The function is used as follows :
> replace.df(original, replacement,by=c('Name','Id'))
Name Id Value1 Value2
1 joe 1 1.2 NA
2 john 2 2.2 9.2
Note that this effectively detects the writing error you have in your original code. replacement
contains a variabe named 'value2' (small v) instead of Value2 (capital V). After correcting this, the result becomes:
> replace.df(original, replacement,by=c('Name','Id'))
Name Id Value1 Value2
1 joe 1 1.2 NA
2 john 2 2.2 5.9
You can use that function as well for changing the values in only some of the columns
> replace.df(original, replacement,by=c('Name','Id'),cols='Value2')
Name Id Value1 Value2
1 joe 1 1.2 NA
2 john 2 NA 5.9
The function:
replace.df <- function(x,y,by,cols=NULL
){
nx <- nrow(x)
ny <- nrow(y)
bx <- x[,by,drop=FALSE]
by <- y[,by,drop=FALSE]
bz <- do.call("paste", c(rbind(bx, by), sep = "\r"))
bx <- bz[seq_len(nx)]
by <- bz[nx + seq_len(ny)]
idx <- match(by,bx)
idy <- match(bx,by)
idy <- idy[!is.na(idy)]
if(is.null(cols)) {
cols <- intersect(names(x),names(y))
cols <- cols[!cols %in% by]
}
x[idx,cols] <- y[idy,cols]
x
}
I produced a function that uses the method of indexing (see answer by John Colby above). Hopefully it can be useful for all such needs of updating one data frame with the values from another data frame.

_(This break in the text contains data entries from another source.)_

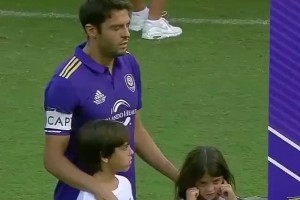 那一天，卡卡結(jié)束了自己 16 年的傳奇生涯，依依不舍地告別了足球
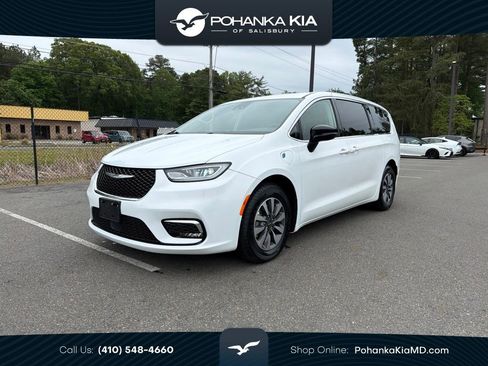 Used 2024 Chrysler Pacifica Limited FWD image 1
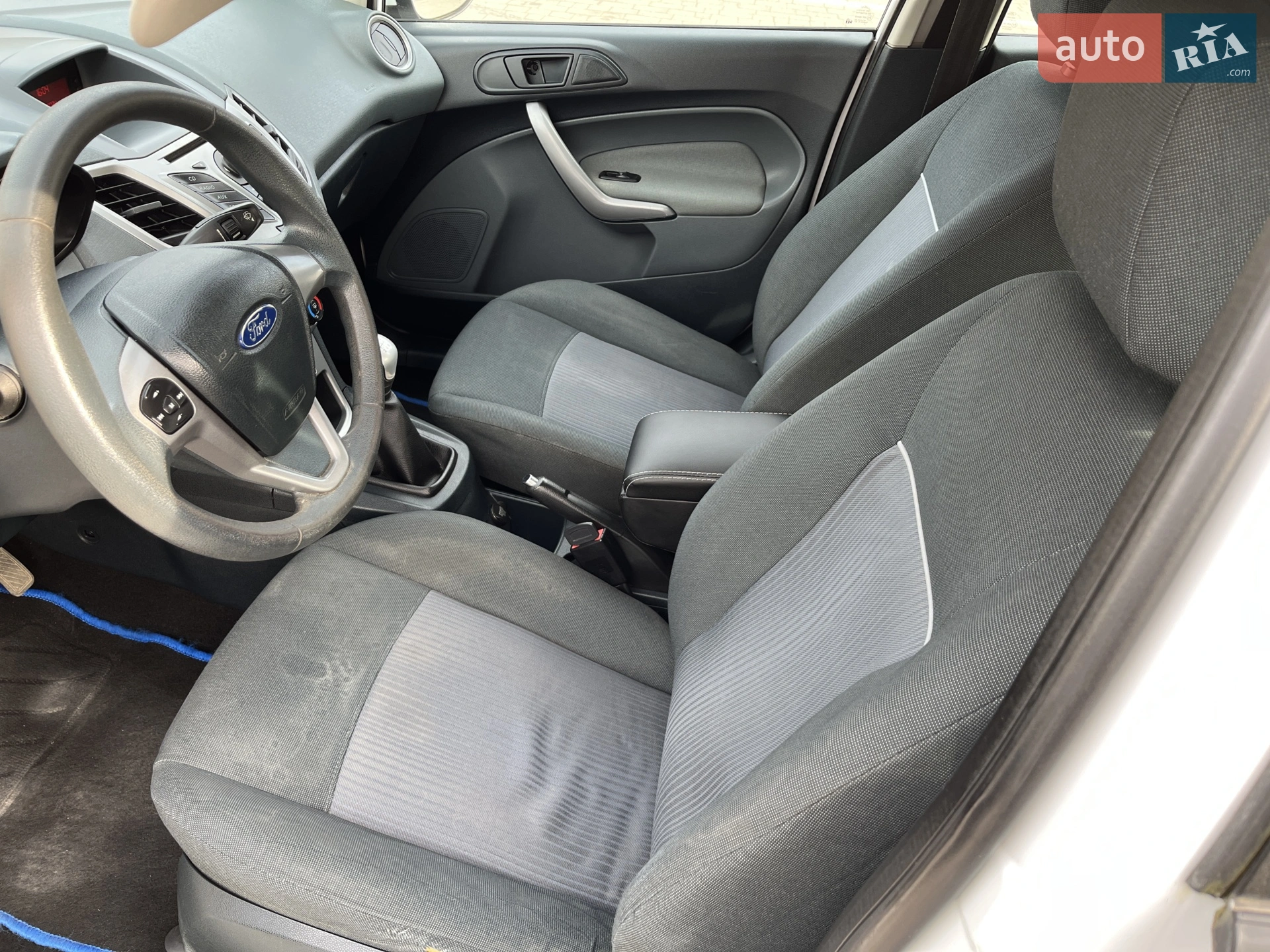 2011 Ford Fiesta - мініатюра 34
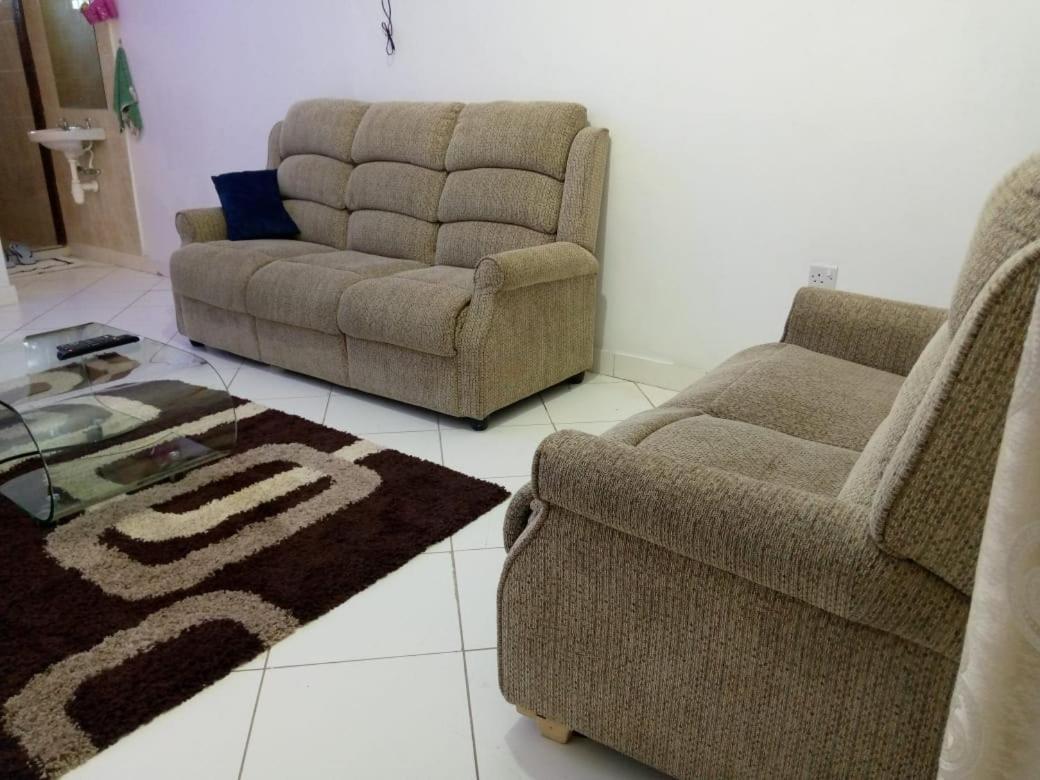 Lux Suites Bamburi Furnished Apartments Exterior photo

update.df.with.df <- function(original, replacement, key, value)
{
## PURPOSE: Update a data frame with the values in another data frame
## ----------------------------------------------------------------------
## ARGUMENT:
## original: a data frame to update,
## replacement: a data frame that has the updated values,
## key: a character vector of variable names to form the unique key
## value: a character vector of variable names to form the values that need to be updated
## ----------------------------------------------------------------------
## RETURN: The updated data frame from the old data frame "original".
## ----------------------------------------------------------------------
## AUTHOR: Feiming Chen, Date: 2 Dec 2015, 15:08
n1 <- rownames(original) <- apply(original[, key, drop=F], 1, paste, collapse=".")
n2 <- rownames(replacement) <- apply(replacement[, key, drop=F], 1, paste, collapse=".")
n3 <- merge(data.frame(n=n1), data.frame(n=n2))[[1]] # make common keys
n4 <- levels(n3)[n3] # convert factor to character
original[n4, value] <- replacement[n4, value] # update values on the common keys
original
}
if (F) { # Unit Test
original <- data.frame(x=c(1, 2, 3), y=c(10, 20, 30))
replacement <- data.frame(x=2, y=25)
update.df.with.df(original, replacement, key="x", value="y") # data.frame(x=c(1, 2, 3), y=c(10, 25, 30))
original <- data.frame(x=c(1, 2, 3), w=c("a", "b", "c"), y=c(10, 20, 30))
replacement <- data.frame(x=2, w="b", y=25)
update.df.with.df(original, replacement, key=c("x", "w"), value="y") # data.frame(x=c(1, 2, 3), w=c("a", "b", "c"), y=c(10, 25, 30))
original = data.frame(Name = c("joe","john") , Id = c( 1 , 2) , Value1 = c(1.2,NA), Value2 = c(NA,9.2))
replacement = data.frame(Name = c("john") , Id = 2 , Value1 = 2.2 , Value2 = 5.9)
update.df.with.df(original, replacement, key="Id", value=c("Value1", "Value2"))
## goal = data.frame( Name = c("joe","john") , Id = c( 1 , 2) , Value1 = c(1.2,2.2), Value2 = c(NA,5.9) )
}
# limit replacement to elements that have a correspondence in original
existing = replacement[is.element(replacement$Id, original$Id),]
# replace original at positions where IDs from existing match
original[match(existing$Id,original$Id),]=existing
require(plyr)
indexes_to_replace <- rownames(match_df(original,replacement,on='Id'))
indexes_from_replace<-rownames(match_df(replacement,original,on='Id'))
original[indexes_to_replace,] <- replacement[indexes_from_replace,]
param on
of function match_df
can take vectors as well.
Just set a unique ID as the row names. Then it is simple indexing:
rownames(original) = original$Id
rownames(replacement) = replacement$Id
original[rownames(replacement), ] = replacement
Here is an approach using the digest
package.
library(digest)
# generate keys for each row using the md5 checksum based on first two columns
check1 <- apply(original[,1:2], 1, digest)
check2 <- apply(replacement[,1:2], 1, digest)
# set goal to original and replace rows in replacement
goal <- original
goal[check1 %in% check2,] <- replacement